A Minimal CRISPR-Cas3 System for Rapid Large-Scale Genome Manipulation

CRISPR-Cas systems are a diverse branch of prokaryotic immune systems that have been co-opted for prokaryotic and eukaryotic gene editing. Here, we present CRISPR-Cas3 based editing, an easily-programmable genome engineering technique that allows for the rapid generation of large genomic deletions. Cas3, the signature enzyme of CRISPR-Cas Type I systems, possesses coupled nuclease and helicase activity, allowing for processive degradation of a targeted region. While the leading CRISPR-Cas tools (e.g. Cas9 and Cas12a) allow for genetic edits like small insertions and deletions, these enzymes are limited when the desired manipulation scales in size (>10 kb). With this in mind, we optimized a CRISPR-Cas3 system to generate both random and pre-designed large deletions (up to 250 kb) in Pseudomonas aeruginosa. Iterative transformation of one strain with ten distinct guides yielded ten deletions resulting in a reduction of 10% of the genome in thirty days. Additionally, using one guide to target loci that exist in multiple copies within a single chromosome allowed us to simultaneously delete more than one portion of the genome.
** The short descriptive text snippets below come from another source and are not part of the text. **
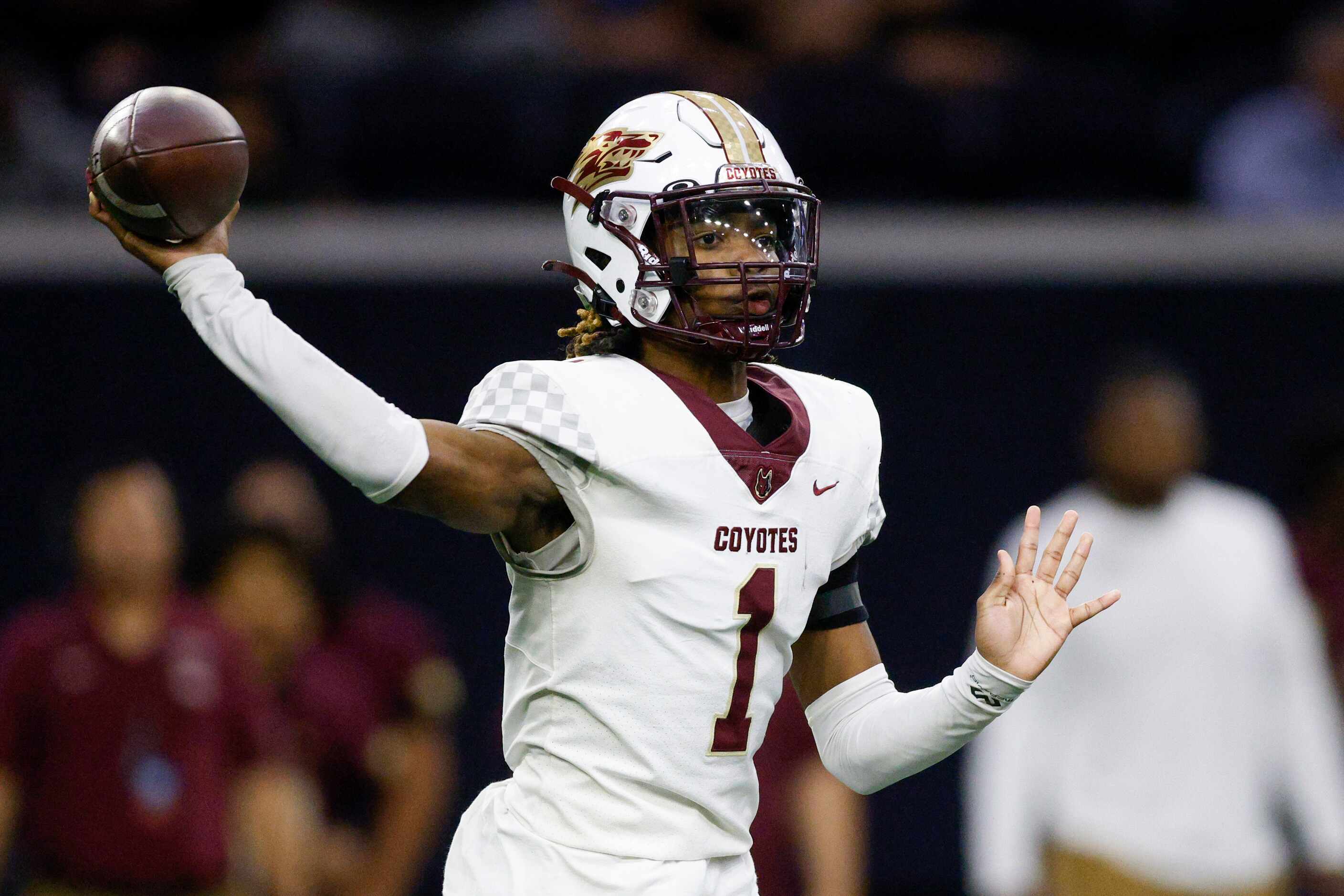 Frisco Heritage quarterback Kameron Franklin (1) throws a pass during the first half of a...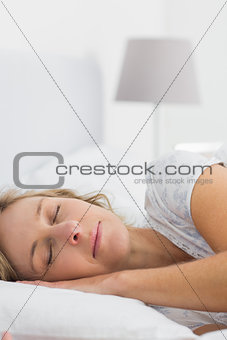 Blonde woman sleeping in bed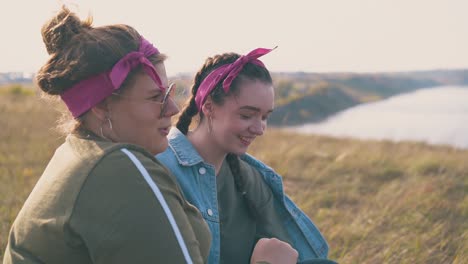 overweight woman and girlfriend spend time near river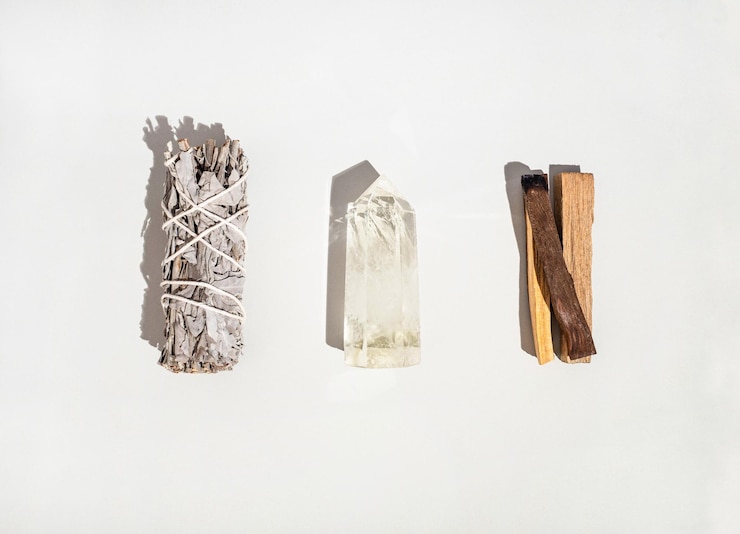 Photo items for spiritual cleansing - sage bundle palo santo incense sticks and quartz crystal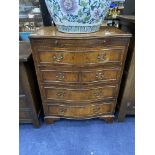 A REPRODUCTION SERPENTINE FRONTED CHEST OF DRAWERS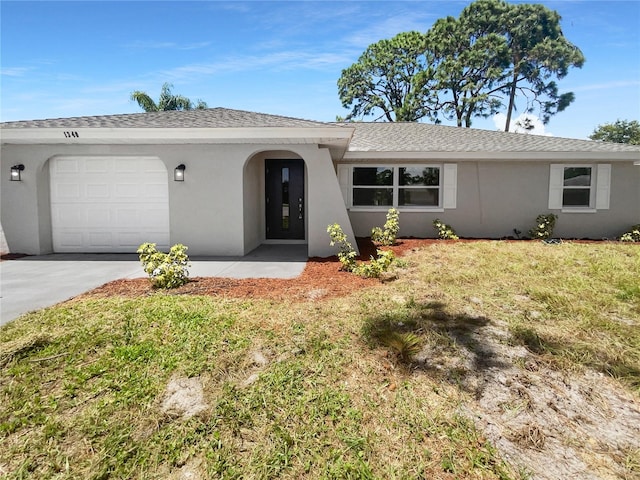 ranch-style home with a garage and a front yard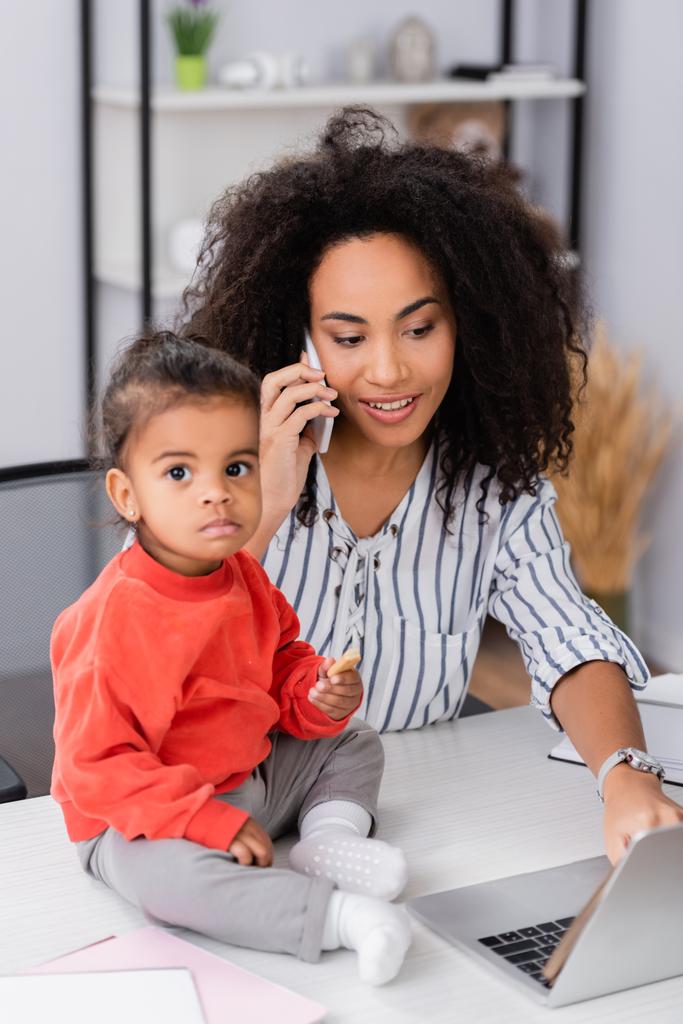 tout-petit enfant afro-américain tenant un cookie savoureux près de la mère parlant sur smartphone tout en travaillant à la maison - Photo, image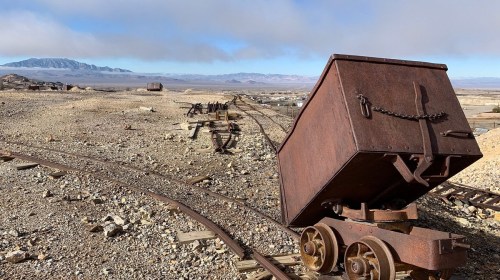 Rusty mining cart on tracks in a barren landscape with distant mountains under a cloudy sky.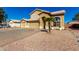 Charming two-story home featuring a three car garage and appealing desert landscaping at 8626 W Las Palmaritas Dr, Peoria, AZ 85345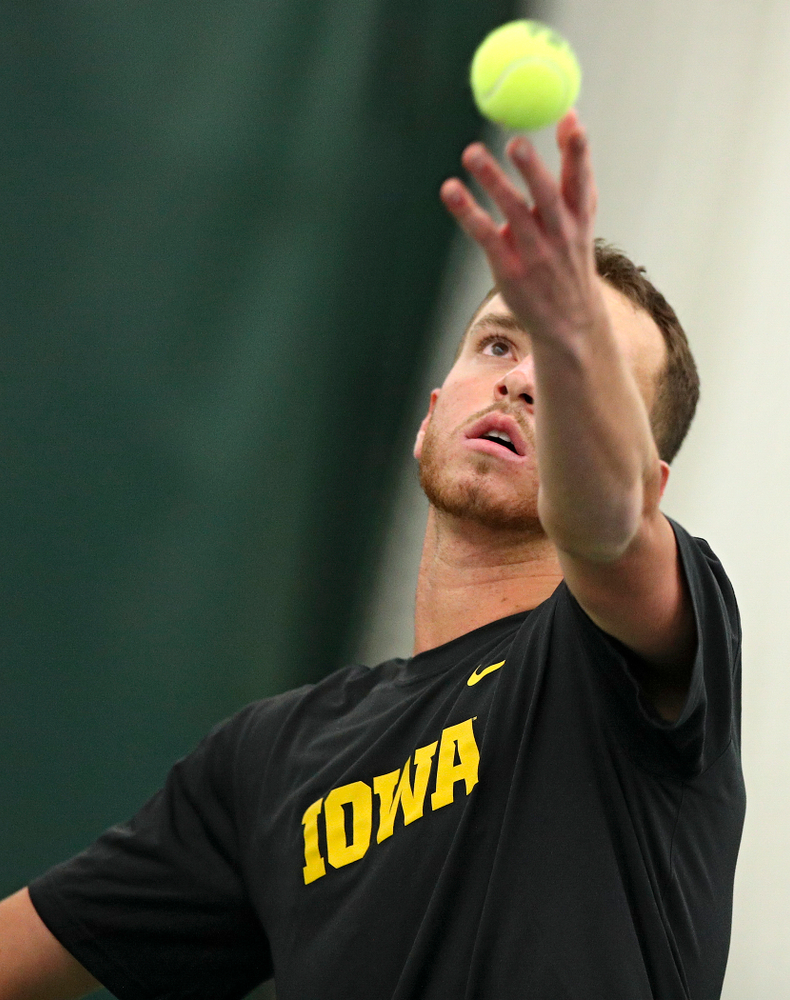 Iowa’s Kareem Allaf serves during their match at the Hawkeye Tennis and Recreation Complex in Iowa City on Thursday, January 16, 2020. (Stephen Mally/hawkeyesports.com)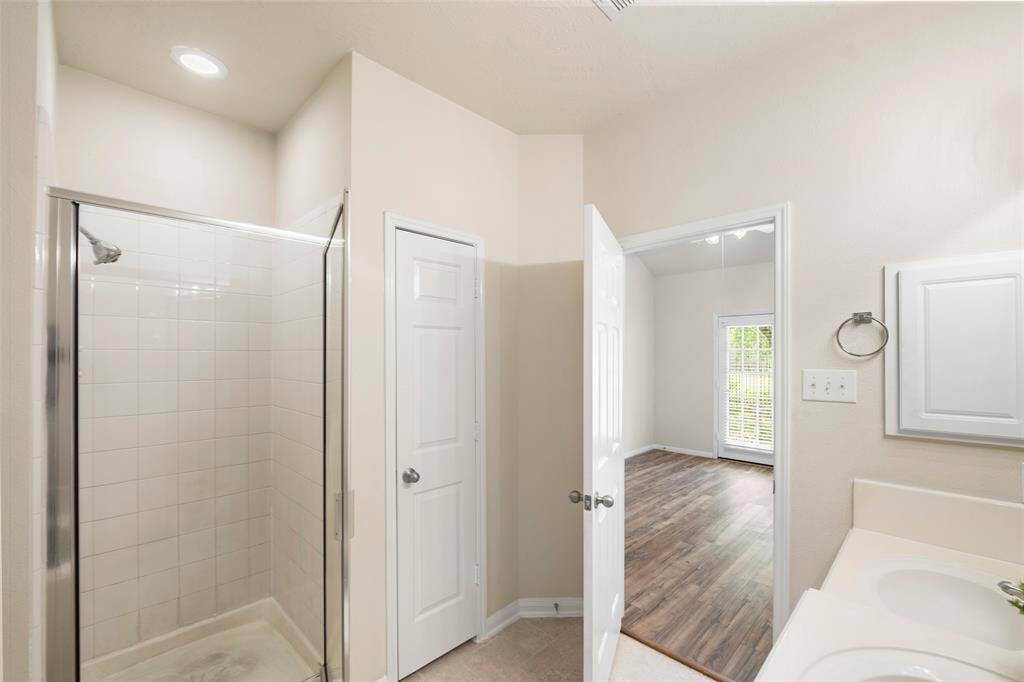 View of separate walk-in shower across from your whirlpool tub.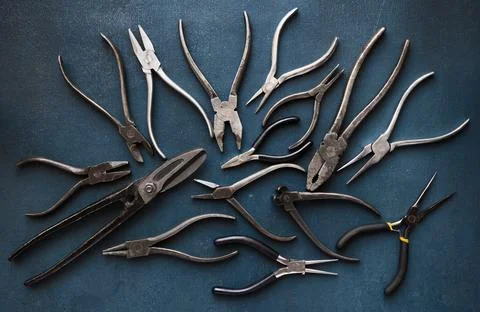 Collection of old metalworking handtools on a rough blue background, top view Stock Photos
To test the portability of CRISPR-Cas3, we induced large deletions in both Pseudomonas syringae and Escherichia coli using an “all-in-one” vector expressing cas genes and a guide. Deletion efficiencies in these orthogonal systems remained high. Thus, a tool like CRISPR-Cas3 will facilitate rapid strain manipulation for synthetic biological and metabolic engineering purposes as well as the analysis of regions of unknown function in diverse organisms for basic biological research.